Some Things Stay the Same
When Dr. Marino began teaching online at YSU, he decided to keep his usual routine — minus the 10-mile drive to campus.
“I like giving students a choice in terms of synchronous or asynchronous lessons and discussions,” he said. “Every two weeks, an online Blackboard Collaborate meeting option is available. Students also utilize email and messaging to communicate. Either way, I believe it is important to address student communication as quickly as possible, especially in a compressed seven-week course.”
Dr. Marino also serves as assistant superintendent for the Trumbull County Educational Service Center (ESC), which encompasses 20 school districts and 25,000 students. He enjoys sharing his experience and passion for teaching with YSU students in hopes that they, too, will end up with careers they love.
“It’s a joy to be able to work with the educators,” he said. “It’s fun. I love coming to work every day — I’m blessed.
“I was an elementary teacher, a middle school principal, and a curriculum director, so my craft has always been education.”
While in college, Dr. Marino spent one semester as an accounting major until he realized it wasn’t the right fit for him. After an introduction to education course, he was hooked and knew he had found his calling. Dr.

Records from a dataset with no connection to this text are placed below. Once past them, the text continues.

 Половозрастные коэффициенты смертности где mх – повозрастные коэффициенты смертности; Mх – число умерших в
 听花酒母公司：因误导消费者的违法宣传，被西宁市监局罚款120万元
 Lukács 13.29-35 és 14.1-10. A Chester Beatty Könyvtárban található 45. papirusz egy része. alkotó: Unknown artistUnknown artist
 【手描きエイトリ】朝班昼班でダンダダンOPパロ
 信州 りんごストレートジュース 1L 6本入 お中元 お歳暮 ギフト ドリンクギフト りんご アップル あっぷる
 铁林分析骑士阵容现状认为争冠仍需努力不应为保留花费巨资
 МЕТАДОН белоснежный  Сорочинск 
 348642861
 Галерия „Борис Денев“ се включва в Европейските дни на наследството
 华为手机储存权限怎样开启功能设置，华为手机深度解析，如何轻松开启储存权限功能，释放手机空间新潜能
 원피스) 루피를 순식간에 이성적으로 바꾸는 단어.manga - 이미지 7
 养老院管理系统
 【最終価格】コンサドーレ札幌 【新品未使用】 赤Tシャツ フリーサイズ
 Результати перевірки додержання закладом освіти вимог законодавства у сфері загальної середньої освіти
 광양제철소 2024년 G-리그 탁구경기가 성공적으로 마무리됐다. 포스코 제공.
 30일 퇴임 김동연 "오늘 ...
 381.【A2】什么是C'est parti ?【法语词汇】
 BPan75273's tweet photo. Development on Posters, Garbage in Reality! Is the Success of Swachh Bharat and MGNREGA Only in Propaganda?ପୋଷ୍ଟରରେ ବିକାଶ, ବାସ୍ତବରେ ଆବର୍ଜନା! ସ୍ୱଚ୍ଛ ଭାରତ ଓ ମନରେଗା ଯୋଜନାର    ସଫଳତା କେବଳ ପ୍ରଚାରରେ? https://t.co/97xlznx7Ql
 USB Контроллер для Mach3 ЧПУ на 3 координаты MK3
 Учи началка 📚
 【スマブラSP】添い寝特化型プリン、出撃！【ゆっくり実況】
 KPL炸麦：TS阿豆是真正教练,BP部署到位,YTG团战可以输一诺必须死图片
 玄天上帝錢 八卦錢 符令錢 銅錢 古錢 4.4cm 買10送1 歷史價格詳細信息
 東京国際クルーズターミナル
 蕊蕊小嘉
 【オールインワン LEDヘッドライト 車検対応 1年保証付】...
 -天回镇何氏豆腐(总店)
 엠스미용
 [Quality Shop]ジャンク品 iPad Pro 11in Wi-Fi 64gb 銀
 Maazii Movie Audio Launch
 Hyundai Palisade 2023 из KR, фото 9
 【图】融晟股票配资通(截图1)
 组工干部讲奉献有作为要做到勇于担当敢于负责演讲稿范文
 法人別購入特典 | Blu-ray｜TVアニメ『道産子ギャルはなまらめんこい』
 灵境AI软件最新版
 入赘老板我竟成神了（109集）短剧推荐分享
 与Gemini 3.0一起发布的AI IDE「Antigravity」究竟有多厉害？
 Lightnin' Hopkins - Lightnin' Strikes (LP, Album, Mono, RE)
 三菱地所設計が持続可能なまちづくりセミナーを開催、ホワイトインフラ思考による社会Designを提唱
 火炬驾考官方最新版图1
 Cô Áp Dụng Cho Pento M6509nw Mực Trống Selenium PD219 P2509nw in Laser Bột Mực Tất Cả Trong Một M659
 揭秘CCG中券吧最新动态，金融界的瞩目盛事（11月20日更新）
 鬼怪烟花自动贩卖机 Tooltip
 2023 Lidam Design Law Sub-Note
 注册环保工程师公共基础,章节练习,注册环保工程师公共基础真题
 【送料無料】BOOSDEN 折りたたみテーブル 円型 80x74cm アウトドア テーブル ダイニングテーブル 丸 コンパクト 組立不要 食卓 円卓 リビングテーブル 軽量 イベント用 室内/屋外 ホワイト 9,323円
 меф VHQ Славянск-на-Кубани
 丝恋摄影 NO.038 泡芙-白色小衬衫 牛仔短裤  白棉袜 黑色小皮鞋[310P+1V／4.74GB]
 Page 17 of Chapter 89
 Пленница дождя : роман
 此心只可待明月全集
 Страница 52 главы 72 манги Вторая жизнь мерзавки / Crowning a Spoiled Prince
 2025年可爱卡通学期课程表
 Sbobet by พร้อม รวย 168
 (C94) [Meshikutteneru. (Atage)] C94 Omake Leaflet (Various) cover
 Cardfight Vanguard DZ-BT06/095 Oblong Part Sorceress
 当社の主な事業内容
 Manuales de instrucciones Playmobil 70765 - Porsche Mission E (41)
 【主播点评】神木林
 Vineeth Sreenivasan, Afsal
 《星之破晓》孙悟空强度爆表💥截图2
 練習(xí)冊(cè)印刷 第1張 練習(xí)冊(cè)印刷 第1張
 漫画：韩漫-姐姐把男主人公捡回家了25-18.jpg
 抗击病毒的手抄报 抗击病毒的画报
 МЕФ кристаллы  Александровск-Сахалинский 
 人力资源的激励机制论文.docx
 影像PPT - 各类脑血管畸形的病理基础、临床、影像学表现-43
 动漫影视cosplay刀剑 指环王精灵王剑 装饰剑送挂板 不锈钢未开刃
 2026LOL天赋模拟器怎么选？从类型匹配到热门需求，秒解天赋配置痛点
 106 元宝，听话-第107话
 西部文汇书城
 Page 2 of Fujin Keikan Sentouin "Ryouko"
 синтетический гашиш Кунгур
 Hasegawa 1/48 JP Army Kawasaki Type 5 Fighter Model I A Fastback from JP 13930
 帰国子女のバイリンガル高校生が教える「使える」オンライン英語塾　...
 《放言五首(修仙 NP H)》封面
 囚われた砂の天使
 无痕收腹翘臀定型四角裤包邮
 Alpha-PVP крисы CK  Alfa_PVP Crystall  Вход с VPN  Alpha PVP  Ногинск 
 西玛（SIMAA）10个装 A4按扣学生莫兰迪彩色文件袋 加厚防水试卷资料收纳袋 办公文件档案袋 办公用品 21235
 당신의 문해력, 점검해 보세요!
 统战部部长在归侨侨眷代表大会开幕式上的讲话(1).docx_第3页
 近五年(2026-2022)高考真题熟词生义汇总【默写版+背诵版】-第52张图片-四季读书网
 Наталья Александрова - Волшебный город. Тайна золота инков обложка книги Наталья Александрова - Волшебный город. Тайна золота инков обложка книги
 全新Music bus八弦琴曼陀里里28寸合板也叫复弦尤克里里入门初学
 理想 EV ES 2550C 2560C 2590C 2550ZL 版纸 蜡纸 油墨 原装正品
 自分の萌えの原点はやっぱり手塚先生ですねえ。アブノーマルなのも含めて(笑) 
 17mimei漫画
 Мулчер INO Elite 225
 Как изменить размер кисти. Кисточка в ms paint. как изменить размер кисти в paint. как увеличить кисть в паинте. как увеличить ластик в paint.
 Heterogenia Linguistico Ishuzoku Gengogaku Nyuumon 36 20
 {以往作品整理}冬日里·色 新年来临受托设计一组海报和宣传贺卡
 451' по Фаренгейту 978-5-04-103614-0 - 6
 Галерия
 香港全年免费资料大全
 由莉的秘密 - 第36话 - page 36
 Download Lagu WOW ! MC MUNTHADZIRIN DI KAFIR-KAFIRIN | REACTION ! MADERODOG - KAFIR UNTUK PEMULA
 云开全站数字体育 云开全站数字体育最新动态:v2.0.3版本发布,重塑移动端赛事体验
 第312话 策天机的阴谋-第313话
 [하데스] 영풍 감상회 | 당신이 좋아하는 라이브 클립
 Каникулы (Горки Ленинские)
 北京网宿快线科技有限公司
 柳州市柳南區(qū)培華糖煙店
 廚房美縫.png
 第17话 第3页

Marino holds a bachelor’s degree in education, a master’s in educational administration, and a doctorate in educational leadership.
After earning his doctoral degree, Dr. Marino began serving as an adjunct at Notre Dame College before moving over to Youngstown State University — which felt very familiar.
“Interestingly enough, my bachelor’s, master’s and doctorate are all from Youngstown State University, so I’m a product of the university at which I teach,” he said.
Lots to Like at YSU
Dr. Marino enjoys hearing the differing viewpoints his student bring to class, often with a regional slant, on topics such as educational material selection or services delivery for a school or district.
“Opening up our courses to the nation, well, really to the world, has allowed for more diversity within our university. Online coursework lends itself to allowing the sharing of opinions and experiences from different folks — for example, the way a particular state approaches testing or instruction in a content area. These discussions add value and provide differing viewpoints,” he said.
He has enjoyed watching students graduate and become school administrators. He even sees some of them again when providing professional development at the ESC.
“One of the principal candidates in a recent course I taught was a former student of mine from YSU, and we were reminiscing about how my delivery is still the same — online or in-person,” he said. His students find his animated presentation style noteworthy.
“The computer doesn’t do it justice,” he said.
Making a Difference
Of the many accolades Dr. Marino has received throughout his career, three stand out to him.
In his second year of teaching, he received an A-plus Teacher of the Year Award in his county, based on student feedback that he was personable, engaging and made learning fun. The second award was initiated by a former elementary school student who credited his impact on her life and career. “World’s Greatest Dad” from his kids rounds out the trifecta of accolades that give Dr. Marino ultimate purpose.
“Those awards are a testament to the difference we can make in the lives of people without realizing it,” he said.
While Dr. Marino plans to continue being a public servant, president of the local city council and adjunct professor, he also looks forward to a future as a grandpa and a husband.
“There is no greater joy than being a grandparent,” he said. “I love my kids immensely and would do anything for my wife and kids, but having a grandson — aah, that is a special relationship.
“So long as I’m able to grow educational leaders and support teachers, thereby making a difference in the classroom, I’ll continue to do it,” he said. “When I’m ineffective at doing that, it will be time for me to say sayonara.”
It turns out the World’s Greatest Dad is also one heck of a professor. Farewell is a long ways away!